Capítulo 8 – A tal da projeção emocional e o encontro no supermercado



- Eu não sei do que você está rindo, Lexi! – Afastei o celular da orelha, bravo. – Para de rir garota, que inferno!

“Ai... Eu... Estou sem ar!”

- Você é ridícula, sério!

“Como é que você caiu nessa de amigos, Ander? Vocês se amam!”

- Ela vai se casar, Lexi. Vai casar e não será comigo. Não adianta tentar fazê-la entender as coisas. A Lana é dona das razões dela, cara!

“Você ainda acha que ela não sente nada?”

- Não sei... – Estiquei as pernas na mesa. – Eu realmente não sei. As vezes sinto isso, mas não parece o bastante, entende? Tem hora que acho que é apego ao que tivemos. Ontem no metrô ela admitiu que tem uma obsessão por mim.

“Sim, escorpiana e obsessiva. Sem surpresas até aí.”

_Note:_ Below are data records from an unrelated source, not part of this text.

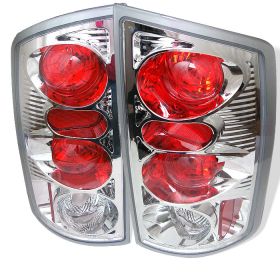 2002-2006 Dodge Ram 1500 Chrome Euro Style Tail Lights - 111-DRAM02-C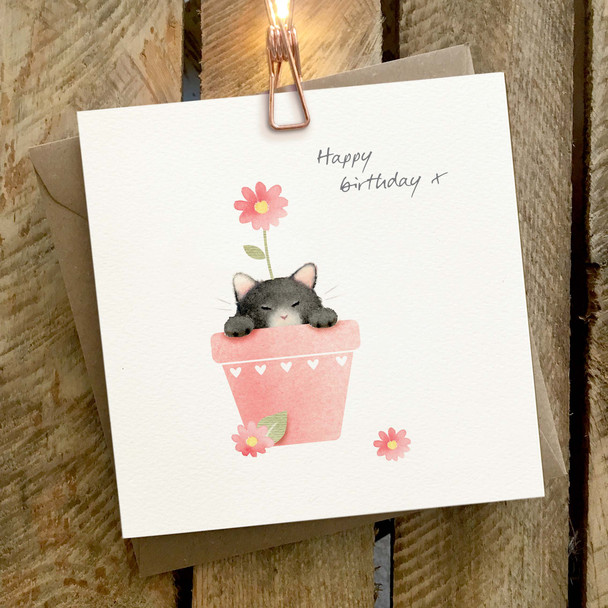 HB- Black Cat in Plant Pot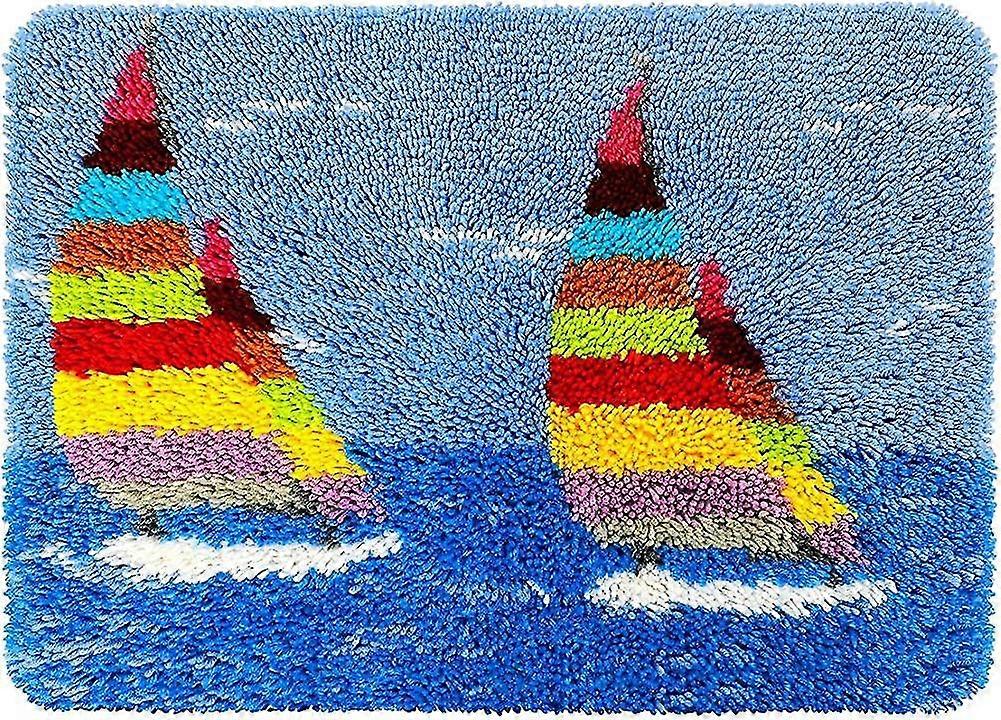 Latch Hook Kit Rug Diy Craft Carpet Embroidery Kit Rug Making Cushion Needlework Heilwiy Gift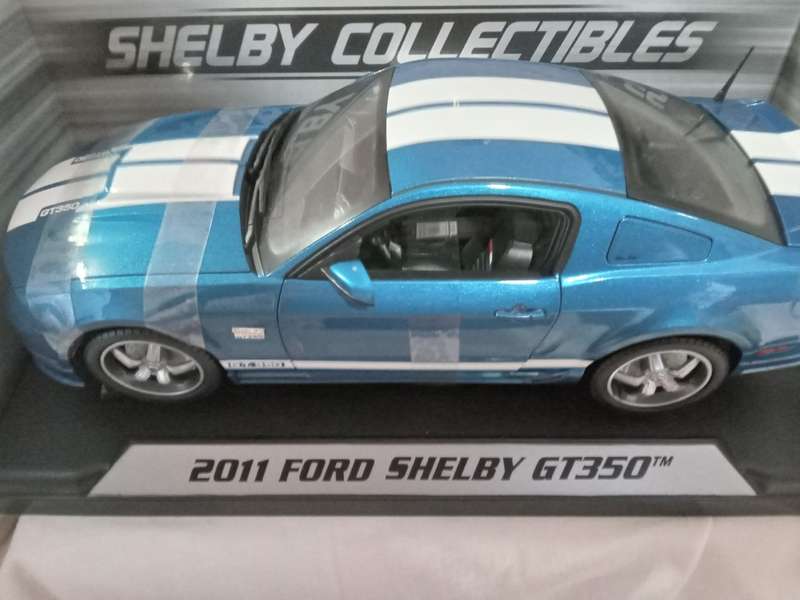Ford Shelby GT350 Blue with White Strips 2011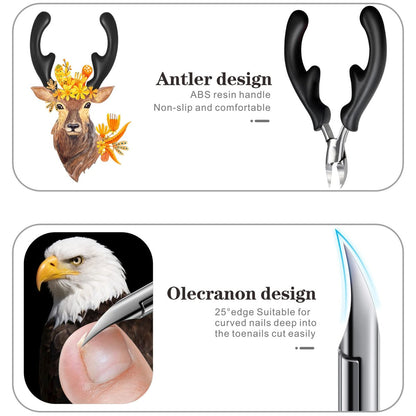 RIMEI Professional Toenail Clippers for Thick & Ingrown Nails – Podiatrist Recommended, Stainless Steel Curved Blade for Men & Seniors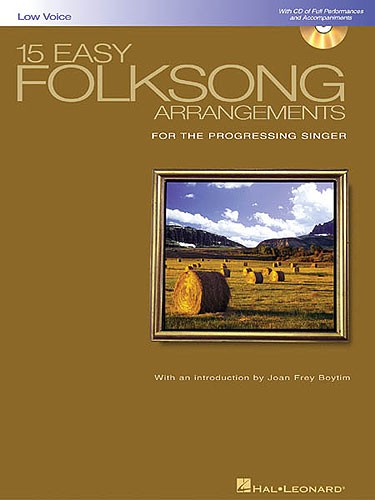 15 Easy Folksongs Arrangements (Low voice)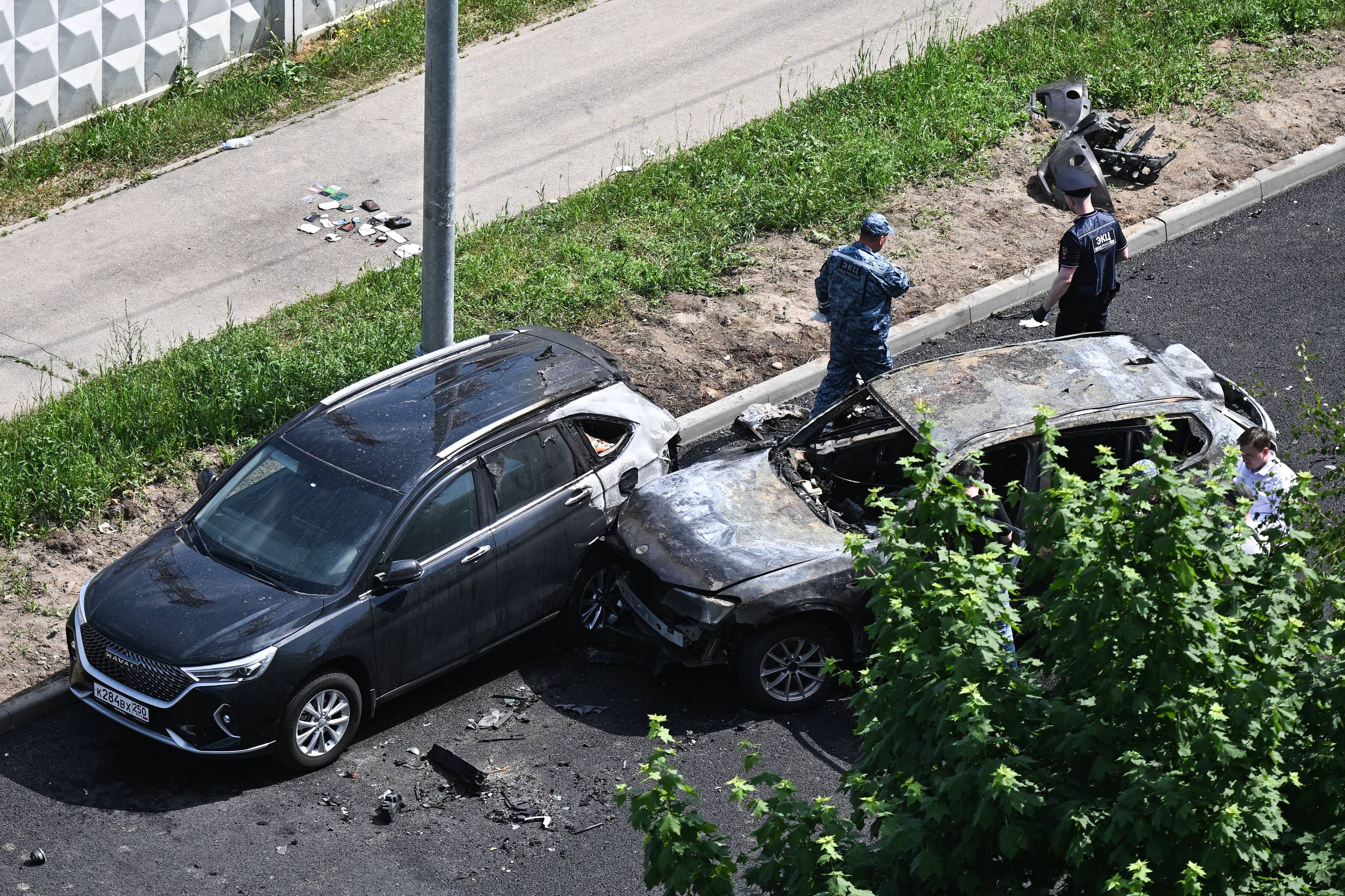 Wieder kam ein ranghoher russischer Offizier bei einem Ansch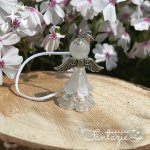 Atelier Fantazie Andílek pro štěstí s minerálem - Křišťál – Sleviste.cz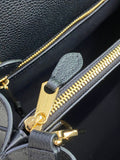 Burberry Medium Leather Title Bag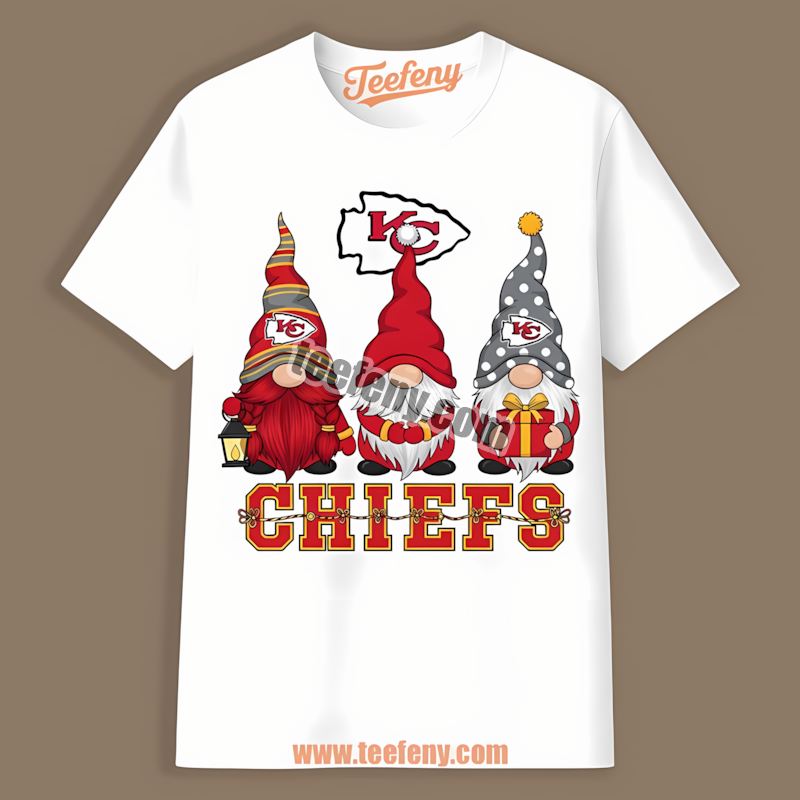 Kansas City Chiefs Christmas Gnomes Adults Shirt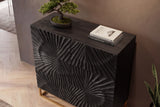 Highboard SCORPION 120cm 3D mango schwarz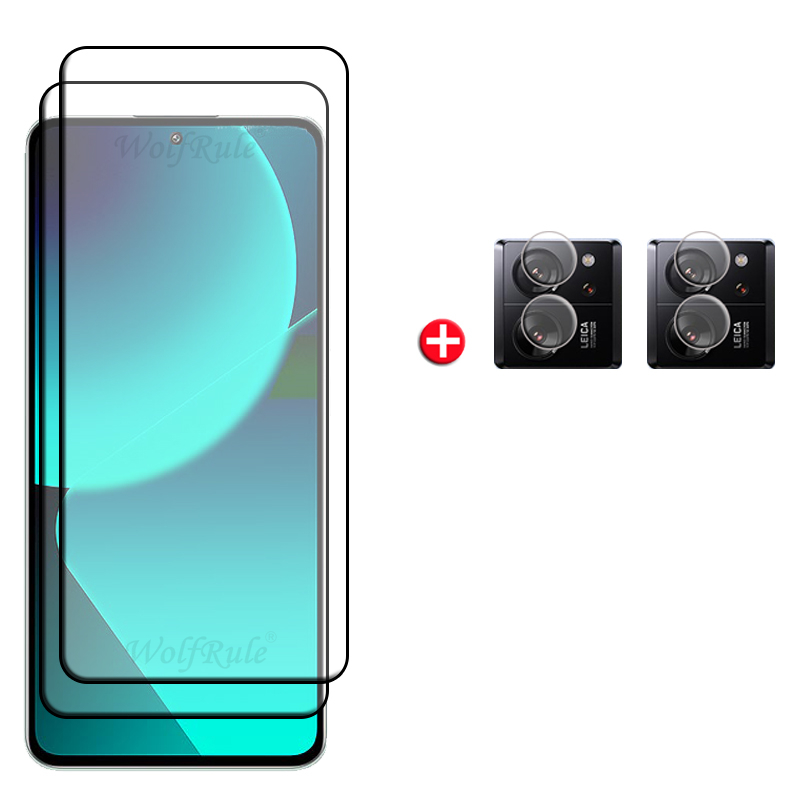 Szkło 6 w 1 dla Xiaomi 13T Pro Szkło dla Mi 13T Pro Szkło hartowane Pełna osłona ekranu Mi 11T 12T 13T Pro 11 12 Lite 13 Szkło: Pomarańczowy / Bundle1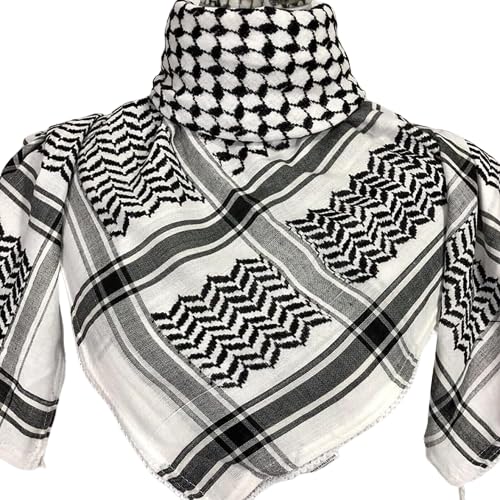 Shemagh Keffiyeh Scarf for Men and Women, Premium Quality, Original Design, Palestine Original, 100% Cotton Iraqi Design3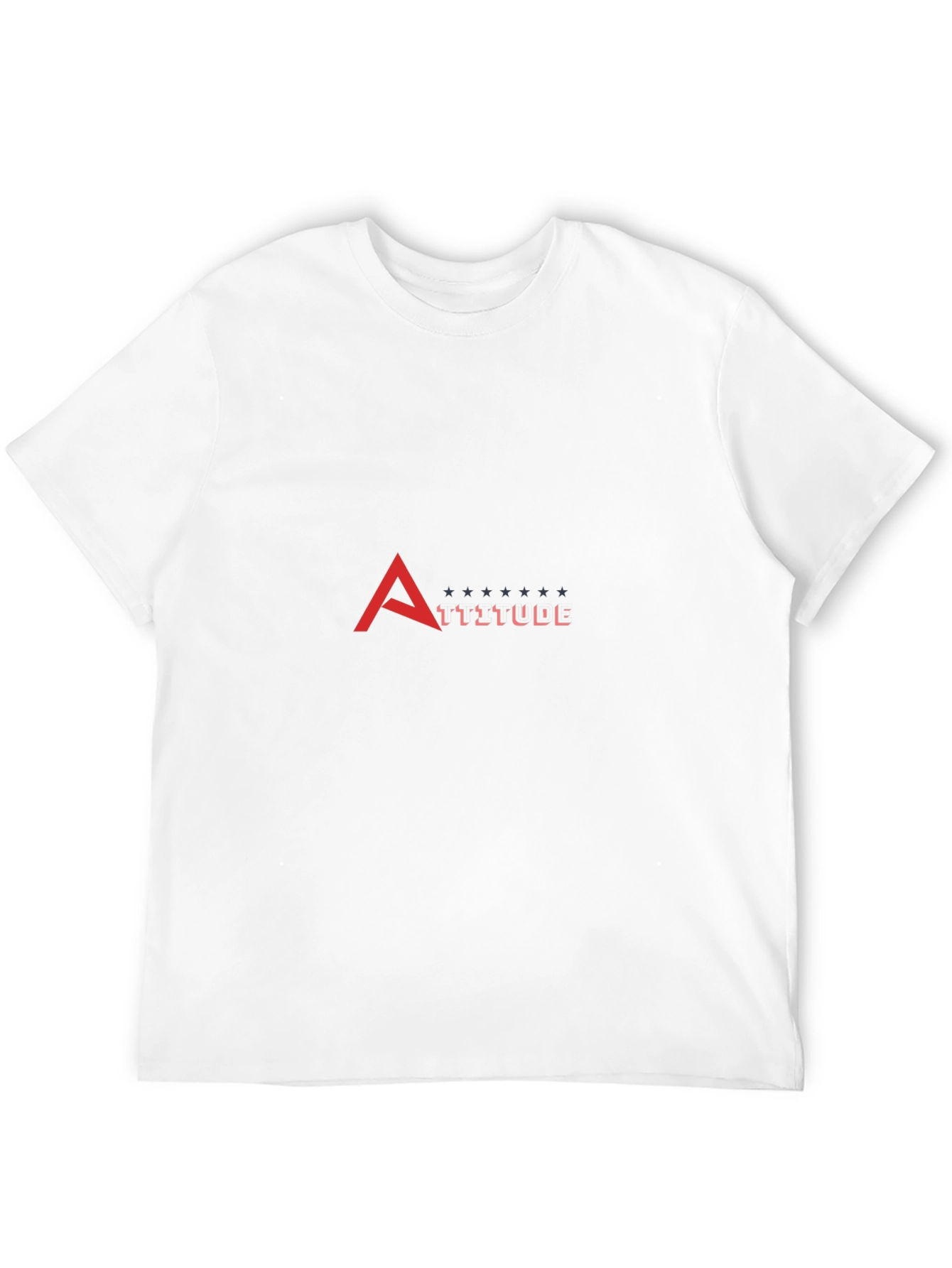 Stylish Black Attitude Graphic Tee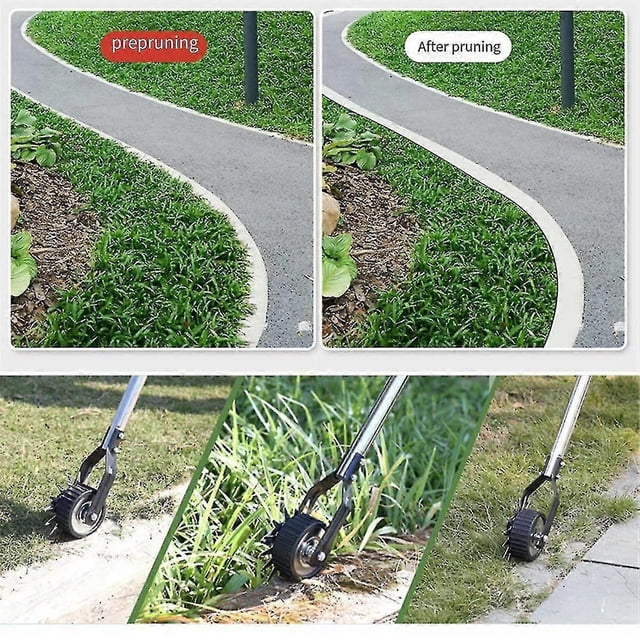 Manual Lawn Edger with Rotary Wheel, Grass Trimmer Shear for Garden and Sidewalk Edging Tool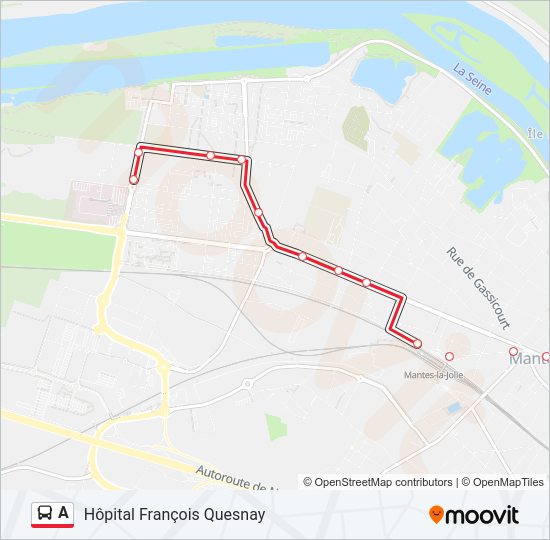 A Bus Line Map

- Lexi, você sabe que não sou eu o problema. Eu infelizmente admito que largaria tudo para ficar com ela. O problema é a Lana. Ela que não sabe o que sente ou o que realmente quer de mim.

“Sim, eu sei. Liguei para ela antes de ligar para você.”

- E aí?

“Bem... Ela é a minha melhor amiga, não posso contar os segredos dela.”

- Alexia...

“Certo, eu conto. Ela disse que vocês têm algo inevitável, mas que há muita coisa que os separa e não há chance de mudar, mas...”

A pausa dramática dela me deixou completamente irritado.

- Continua, garota!

“Ai, foi só uma pausa pra criar um clima dramático.” – Bufei, bravo. “Continuando... Eu não entendo direito, mas Lana parece ter sido muito magoada por alguém depois daquele término de vocês na adolescência. Acho que é projeção, sabe?”

- Como assim?

“Projeção emocional, Ander. Quando atribuímos um tipo de trauma ou dor a uma outra pessoa que não tem nada a ver com a história.”

- Então você acha que Lana não consegue me dizer o que sente por causa do passado dela?

“Sim. Provavelmente essa pessoa a magoou muito, a ponto de ter se fechado emocionalmente. Por isso que ela fugiu de você. Não foi por não sentir, mas sim, por ter medo de sentir.”

- Será que é o Bruno?

“O sonso do futuro marido? Não. Isso aconteceu depois que vocês se afastaram na adolescência.”

- E isso se resolve como?

“Pelo o que sei, enfrentando o que a magoou. E ai mora o problema!”

- Prossiga...

“Ela acha que é você ou o que tiveram, mas não é a verdade. Ela tem que enxergar o que a magoou, para então, aceitar o amor que você tem por ela.”

- Bem, isso me parece o tipo de coisa que demanda tempo.

“É! As vezes um tipo de choque facilita as coisas. E tenho a sensação que será você a pessoa a dar esse choque na Lana.”

- Isso é para me motivar a não desistir?

“Talvez. Eu dou menos de um mês para vocês acabarem tendo outra recaída.”

- Acho que não... Ela parece estar convicta do que fala. E tem o Bruno... Ele é uma realidade em nossas vidas.

“E pensar que se não fosse o mosca morta do Bruno vocês estariam namorando...”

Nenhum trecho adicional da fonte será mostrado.